WHAT YOU NEED TO DO:
Exactly the lines from the one containing "BMW & Mercedes-Benz" through the end of the listing below are required, restated word for word and without pictures.
*** Opening COLLECTED DATA ***
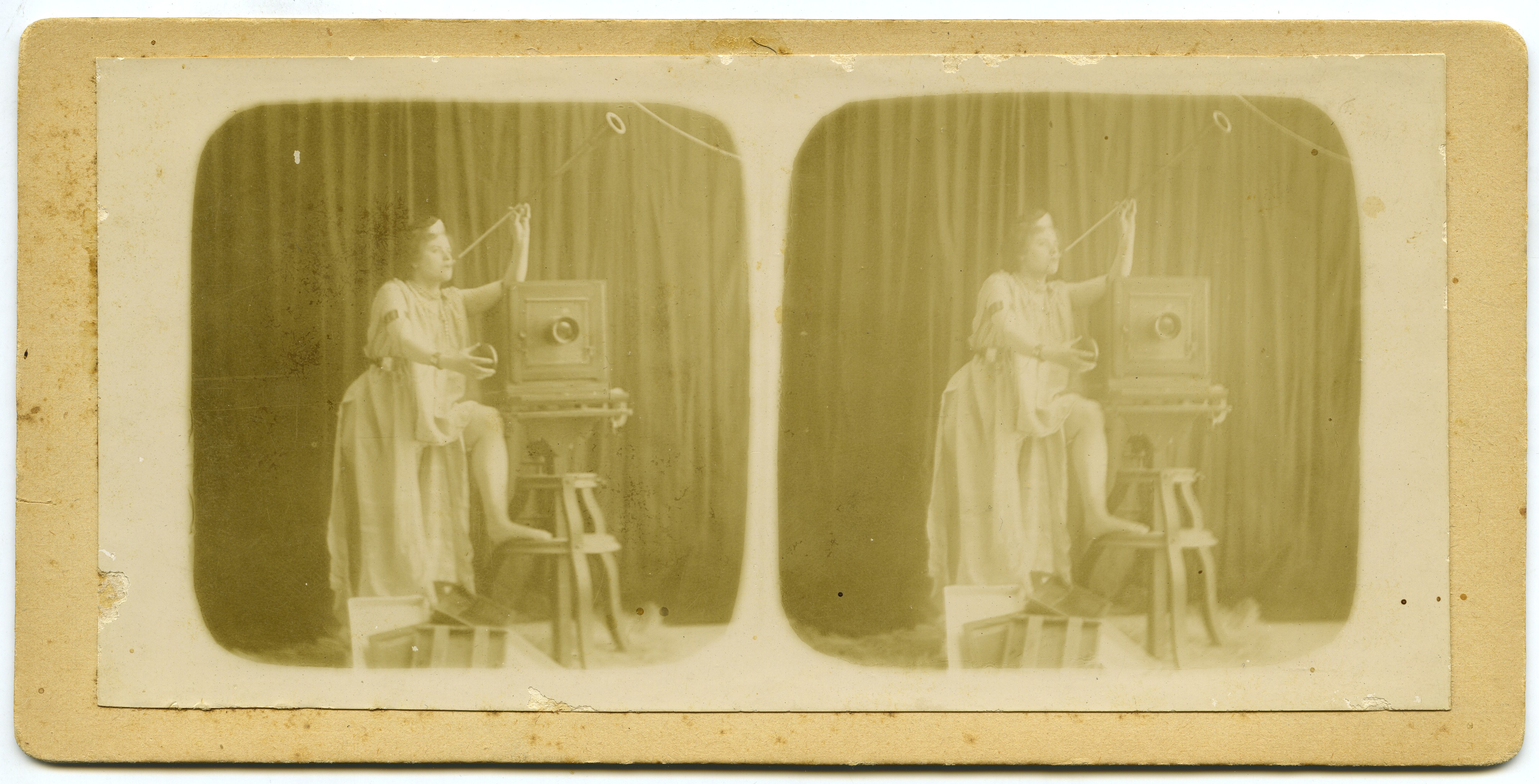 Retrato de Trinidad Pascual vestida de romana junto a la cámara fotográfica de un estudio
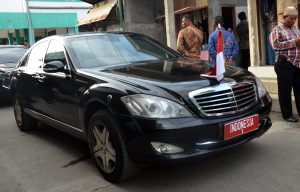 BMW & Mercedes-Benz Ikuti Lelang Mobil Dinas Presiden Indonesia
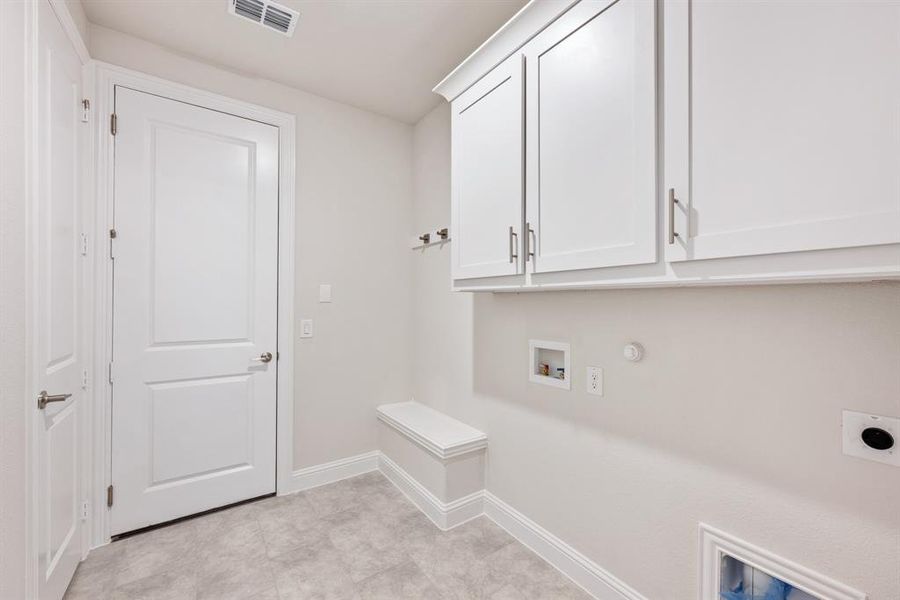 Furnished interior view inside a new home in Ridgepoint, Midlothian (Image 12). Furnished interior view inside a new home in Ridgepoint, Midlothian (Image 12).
*** Closing COLLECTED DATA ***
SOLUTION FOR THIS TASK:
 BMW & Mercedes-Benz Ikuti Lelang Mobil Dinas Presiden Indonesia
 Furnished interior view inside a new home in Ridgepoint, Midlothian (Image 12). Furnished interior view inside a new home in Ridgepoint, Midlothian (Image 12).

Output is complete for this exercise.